I start to connect a scope on the serial lines. In my case the pull-up on TX and RX are not 5v but 3.3v. I can then safely connect it to the RaspberryPi serial port.
Then I faced to the behavior of the printer when you want to print a bitmap image. It takes me some time to understand why the printer speed is not constant. It implies also to understand correctly the parameters, which is not very easy from the datasheet.
Many faced to this problem and it's written on the Adafruit arduino code, there is no flow control to avoid overrunning the printer's buffer. If we send data too fast, the printer could either crash, print garbage characters, or just jump into newer data. If we send data too slowly, the printer wait and makes some stops, and the printed image have some white lines.

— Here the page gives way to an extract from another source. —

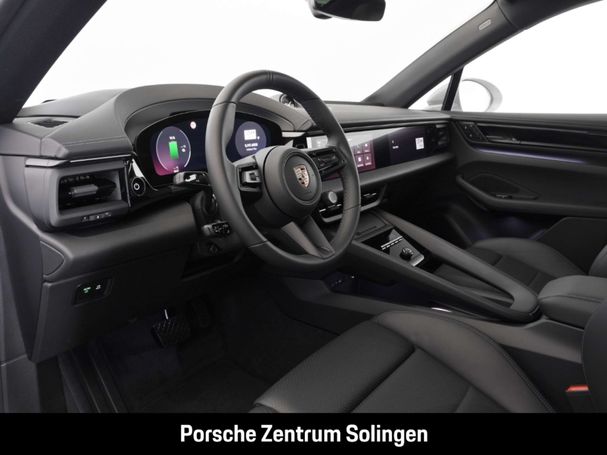 Porsche Macan 4 300 kW image number 9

The printing module inside the printer is a "FTP-628MCL101" link. By combining the datasheets, we can suppose the meaning of the configuration parameters of the printer. The "max heating dots" is apparently the amount of black dot (heated) can be heated at ones. A line is 384 dots, if you put this parameter to 64 as the default ((7+1) *8), it means that for a black line, it takes 6 heating steps. Which a step time is the parameter "heating time" plus "heating interval". We cannot heat all the 384 dots at ones, probably due to the current peak. So here we can try to predict the printing speed to not overrun the data buffer, by counting the black dots sent to the printer, and make some stops. That is for the case when the printer is slower than the data rate. But when there is blank of very light parts on a bitmap, I face the inverse where the printer stops to wait data.
I found someone who also dig quite far on this printer , and he found a software link to change the serial speed from 19.2 Kbaud to 115.2 Kbaud. In addition, it also allow to change the character set from chinese to international.
Even knowing that, it is very hard to find the right delays and I still faced to wrong behaviour. I had a better look to the board of the printer.
The micro used is a NXP LPC1114. The stepper motor driver is an Allegro A3906. The motor makes a step for each printed line. I connected one of the 4 motor driving input lines to a scope. To do so, I used the brutal method. I scratch the copper line to solder directly a wire. (And use an unused pad to secure it)
And yes: each transition correspond to a step. "Bingo" I have a way to know how much line is printed, and have to take care of not sending too much bytes in advance.